Nuñez Ponasso Guillermo, McSweeney Ryan C, Wartman William A, Lai Peiyao, Haueisen Jens, Maess Burkhard, Knösche Thomas R, Weise Konstantin, Noetscher Gregory M, Raij Tommi, Makaroff Sergey N
Dept. of Electrical and Computer Engineering, Worcester Polytechnic Institute, Worcester, MA, USA.
Technische Universität Ilmenau, Ilmenau, Germany.
bioRxiv. 2024 May 21:2024.05.17.594750. doi: 10.1101/2024.05.17.594750.
To compare cortical dipole fitting spatial accuracy between the widely used yet highly simplified 3-layer and modern more realistic 5-layer BEM-FMM models with and without (AMR) methods.
We generate simulated noiseless 256-channel EEG data from 5-layer (7-compartment) meshes of 15 subjects from the Connectome Young Adult dataset. For each subject, we test four dipole positions, three sets of conductivity values, and two types of head segmentation. We use the (BEM) with (FMM) acceleration, with or without (AMR), for forward modeling. Dipole fitting is carried out with the FieldTrip MATLAB toolbox.

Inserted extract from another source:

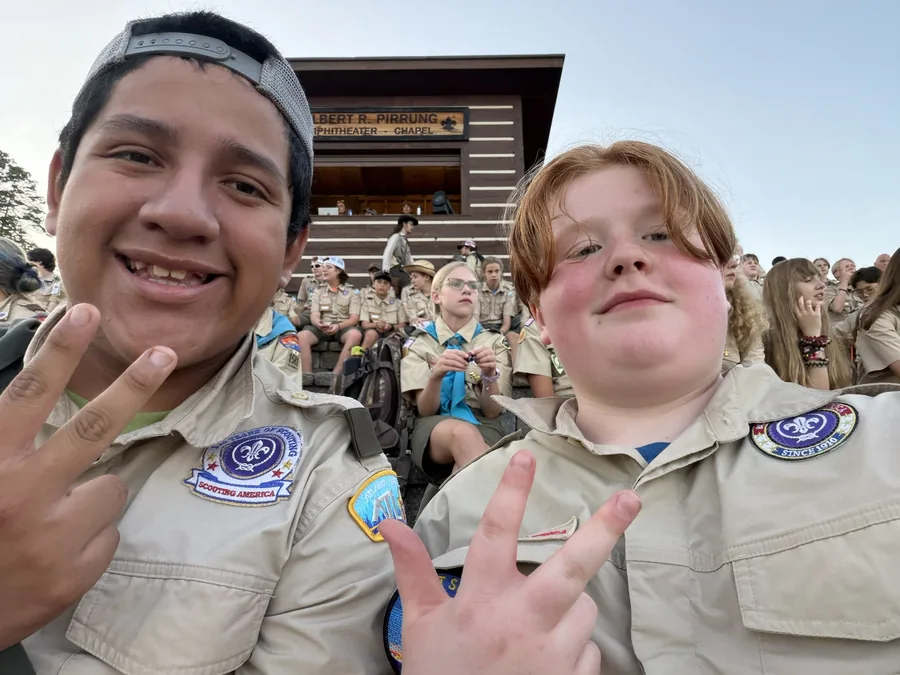Two Scouts in uniform grinning at the camera on the amphitheater steps as Scouts from other units fill the benches behind them.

The average position error (across all tested dipoles, subjects, and models) is ~4 mm, with a standard deviation of ~2 mm. The orientation error is ~20° on average, with a standard deviation of ~15°. Without AMR, the numerical inaccuracies produce a larger disagreement between the 3- and 5-layer models, with an average position error of ~8 mm (6 mm standard deviation), and an orientation error of 28° (28° standard deviation).
The low-resolution 3-layer models provide excellent accuracy in dipole localization. On the other hand, dipole orientation is retrieved less accurately. Therefore, certain applications may require more realistic models for practical source reconstruction. AMR is a critical component for improving the accuracy of forward EEG computations using a high-resolution 5-layer volume conduction model.
Improving EEG source reconstruction accuracy is important for several clinical applications, including epilepsy and other seizure-inducing conditions.
比较广泛使用但高度简化的三层和现代更逼真的五层边界元法-快速多极子法(BEM-FMM)模型在有无自适应网格细化(AMR)方法时的皮质偶极子拟合空间精度。
我们从连接组青年成人数据集中的15名受试者的五层(7个隔室)网格生成模拟无噪声256通道脑电图数据。对于每个受试者,我们测试四个偶极子位置、三组电导率值和两种头部分割类型。我们使用带有快速多极子法(FMM)加速的边界元法(BEM),有或没有自适应网格细化(AMR),用于正向建模。使用FieldTrip MATLAB工具箱进行偶极子拟合。
平均位置误差(在所有测试的偶极子、受试者和模型中)约为4毫米,标准差约为2毫米。方向误差平均约为20°,标准差约为15°。没有自适应网格细化(AMR)时,数值不准确性会导致三层和五层模型之间的差异更大,平均位置误差约为8毫米(标准差6毫米),方向误差为28°(标准差28°)。
低分辨率的三层模型在偶极子定位方面提供了出色的精度。另一方面,偶极子方向的检索不太准确。因此,某些应用可能需要更逼真的模型来进行实际的源重建。自适应网格细化(AMR)是使用高分辨率五层体积传导模型提高脑电图正向计算精度的关键组件。
提高脑电图源重建精度对于包括癫痫和其他诱发癫痫的病症在内的多种临床应用非常重要。